Great video. Question for anyone that can answer it:
As mentioned, an annuity company is immediately required to buy investment grade bonds to protect the floor. If the FIA is a 10 year product (for example), and interest rates happen to rise during that 10 year period, wouldn’t the annuity company lose a significant amount of money reselling those same bonds on the market at a discount? I understand they would have received the semi annual interest payments in the meantime, but wouldn’t they lose a substantial amount of money when reselling these?
Or do they simply buy 10 year bonds and hold them to maturity?
Thanks.
@@jimbo7300 They hold the bonds until maturity. That is why there can be substantial surrender charges if the policy is cashed in before the end of the term. The insurance company may need to sell the bonds backing the policy. Thank you for your question and for watching!
@@StanTheAnnuityMan Great. Thanks, much appreciated.
You are too funny on the clothes LOL
There are carriers that offer uncapped FIAs with average rates of return over the past 10 to 15 years of 7.8% to nearly 9% and the interest can be locked during each contract year. There is a 1% charge for the 2 indexes with the interest lock but they still outperform the non-fee indexes (Midland RetireAdvantage 10). These average returns are higher than CD rates....what are your thoughts on uncapped FIAs?
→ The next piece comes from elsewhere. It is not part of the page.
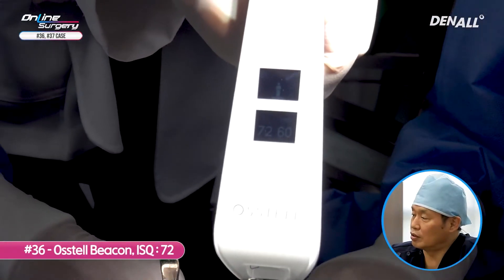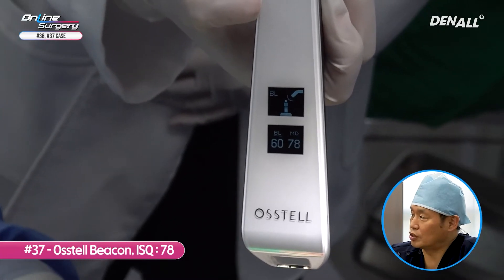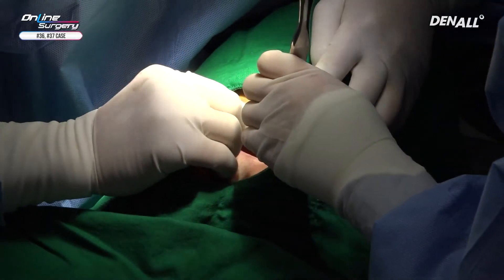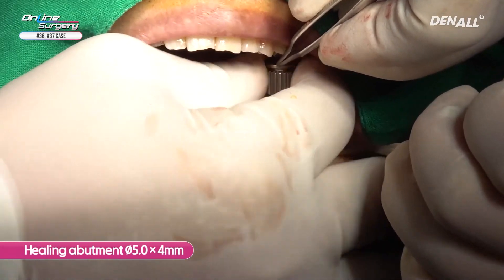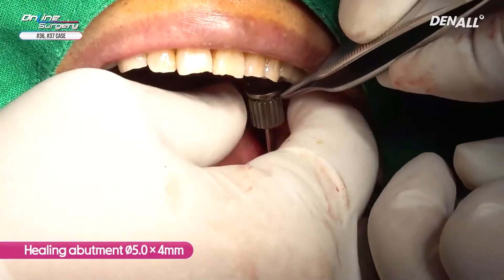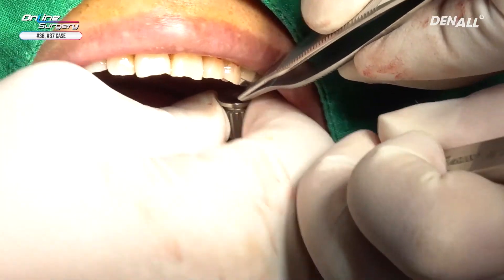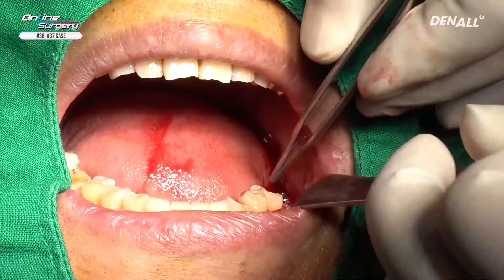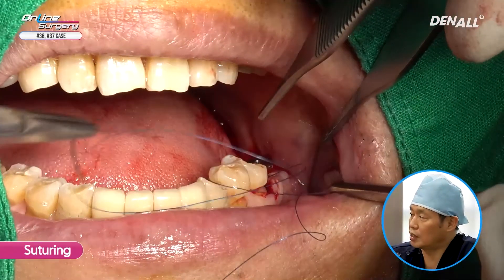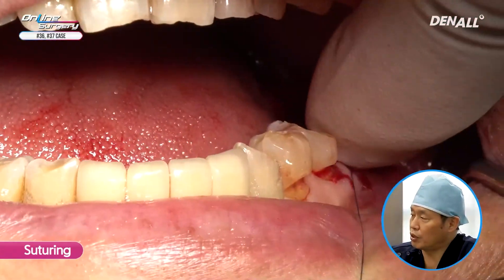In the case of number 36, the ISQ value is 72. In the case of number 37, it is approximately 78. Healing abutments are connected and interrupted suture is done. I did not open the flap significantly and therefore there is no major issue in suturing.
Based on the average return of FIAs since they have been released it is a 3 - 5% return. Yes some can have larger returns in some years but on average you can expect CD type returns. If you are looking to maximize potential returns then an uncapped strategy is the way to go, but do not expect 7% every year or even on average. The products were not built for that.
what you have mentioned about buying options does not make sense; if companies buy 'call' options, we are paying a premium for a right to tap in to unlimited profits; the premiums are fairly large & cannot be accounted by what you term as putting money into bonds; it is not clear how indexed annuities are managed internally
The majority of the premium placed with an annuity company is used to purchase bonds to support the guarantees in the contract. A small portion is used the purchase the options. The options purchased by the insurance company have the "levers" built in. Participation Rate, cap, and/or spread. If the option returns a gain, all of the gain is credited to the policy. If the options do not return a gain, the expire and no credit is given the policy. I hope this helps.
I have an index annuity. Is that the same as a fixed?
An index annuity is a type of Fixed Annuity.